It simply is no longer possible to defend the proposition that Willie Martinez should be retained as the defensive coordinator of the Georgia Bulldogs. There remains room for argument about Mike Bobo as an offensive coordinator---in fact, I’d be willing to bet that most of the people who think Mark Richt should take over the play-calling duties anew were the same people who thought he should give up the play-calling duties three years ago---but this latest bump in the road has to have jolted everyone off of the Willie Martinez bandwagon. For those who still need convincing, though, here is the tale of the tape: Georgia allowed 31 points to Auburn in 2005, 38 points to West Virginia in the 2006 Sugar Bowl, 51 points to Tennessee in 2006, 35 points to Tennessee in 2007, 30 points to Florida in 2007, 34 points to Troy in 2007, 41 points to Alabama in 2008, 38 points to LSU in 2008, 49 points to Florida in 2008, 38 points to Kentucky in 2008, 45 points to Georgia Tech in 2008, 37 points to South Carolina in 2009, 41 points to Arkansas in 2009, and 45 points to Tennessee in 2009. Eight of Georgia’s last 15 opponents have scored 37 or more points on the Red and Black.
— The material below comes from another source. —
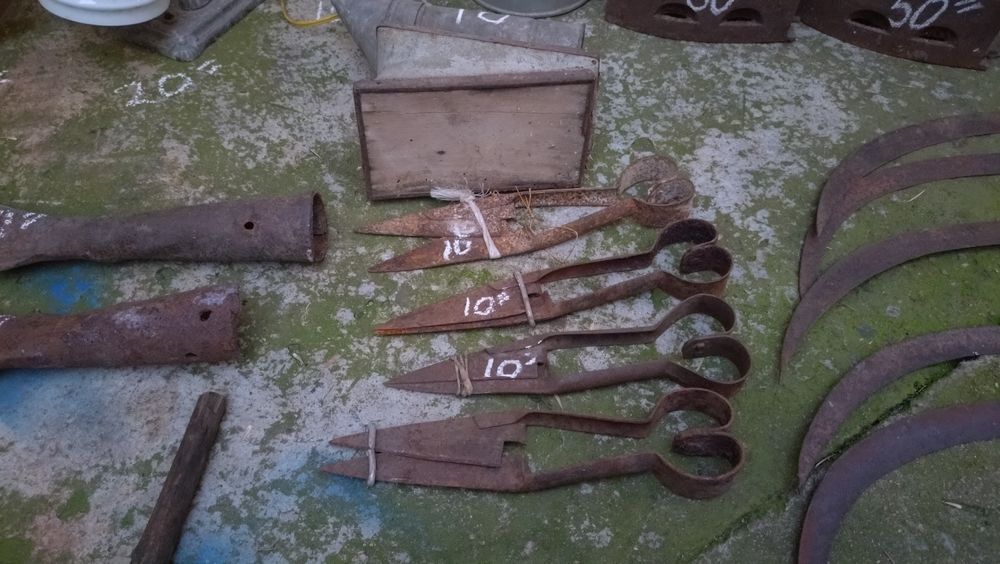 Продавам стари метални предмети , сечива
Coach Martinez is a good man, but opposing offenses have figured him out, and, if a quarterback as crummy as Jonathan Crompton can complete 20 of 27 passes for 310 yards and four touchdowns against your defense, you’re simply not delivering at a level that entitles you to keep your job in the SEC.

Win or lose, our team is still our team, first, last, and always. The young men who put on their silver britches and their red helmets every Saturday work hard, play hard, and want to win even more than we want them to win. The coaches whose careers are spent attempting to equip these young men for victory are devoting numerous hours to preparing their team. That does not mean that every player has earned the right to play, or that every coach has demonstrated sufficient competence to remain on the payroll, but it does mean that there is a right way and a wrong way of expressing our displeasure. Criticisms, even strongly-worded ones, are fair game, but our team is still our team, and we should be true to our school, even when addressing its faults and urging it to make changes when changes are required.

Go ‘Dawgs!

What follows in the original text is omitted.